Periodically I set myself targets and challenges. It’s something I’ve done all my life, but in recent times good examples are Janathon (jogging and blogging about it every day in January) and #2013in2013 when I made myself walk, run or cycle 2013 miles over the course of that year. (Rather pleasingly I walked the final mile on New Year’s Eve out across the fields near my house.)
This month I have joined in with #NaBloPoMo – National Blog Posting Month – when, much as it sounds, you basically sign up to post a blog every day.
Inevitably therefore, I today found myself curled up on my sofa wondering – as I spooned soup, juggled bread, and tried to keep food and upholstery apart – why on earth I had signed myself up for something like this yet again. (I’m proud to confirm, by the way, that no sofas were ruined in the pondering on this blog.) As you would imagine, this is not a new debate I have with myself. But there must be something, I reflected, that calls me to place such demands and strictures on myself.
After all, my work is personally and professionally demanding and interesting. I continue to intellectually and emotionally challenge myself through my immersion into the many byways of the adoption universe. I am forever feeling guilty about neglected friends and family. I have a house that is lovely – but does seem to be a bit like the Forth Bridge, ever demanding of resources and time.
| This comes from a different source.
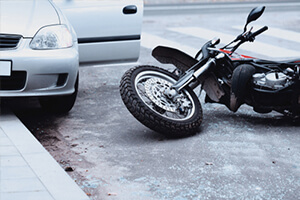 a motorcycle lies on the ground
So why add pressure? Why make myself not only write every day but also publish each day?
I know part of the answer is that I need targets and deadlines. It is the way I am made – and after many years of wanting to be different I am increasingly accepting and indeed embracing of these sides of myself. (Maybe that’s a fancy way of acknowledging that I’m definitely now well into middle age and had better come to terms with myself!)
Part of the answer, too, is that I enjoy writing. Yes, I find it frustrating. Sometimes inspiration is lacking. I can’t always get what I want to say into a form I am happy to say it in. But I have always enjoyed the process of writing, the crafting; perhaps that is why my childhood belief I would one day write that novel never truly died, and to this day still occasionally thrusts itself back into my dreams …
And the third part of the answer (most things seem to come in threes after all), is that so much of the adoption process seems to be about waiting, learning, patience, and indefinably change. Maybe that isn’t true for everyone but it has been for me (to which indeed earlier blogs such as The Adoption Wait not to mention My own personal theme park ride, testify). These weeks leading up to Christmas demand from me acceptance, that my life is other than I had imagined, that a different future will be ok, indeed that a different future will actually be the right future.
Just now, therefore, blogging every day keeps me reading and thinking; it helps me continue communicating and engaging; it reminds me how lucky I am in so many ways, conscious and appreciative of the little things and the fleeting connections (thanks @Kosjanka, great expression).
Mostly I continue to write of adoption and the universe of the prospective adopter – that after all is where this blog began. Cautiously, however, I have been expanding to posts reflecting the diversity, incidents and accidents of daily life. I am conscious that my future child or children need me to be observant, resilient, thoughtful, looking out to the world as well as in to our own lives.
Yes, I am mad. Yes, telling my family and friends what I’m doing made them smile wryly.
But today, even if I had not previously articulated it to myself, I finally recognised that there is reason in my madness. For blogging every day nudges me to keep on learning and keep on engaging; it forces me to look out of the window, to observe and digest (even if I do not always share) every detail of this latest stage of my adoption adventure.
Thank you, gentle reader, for sharing the journey with me.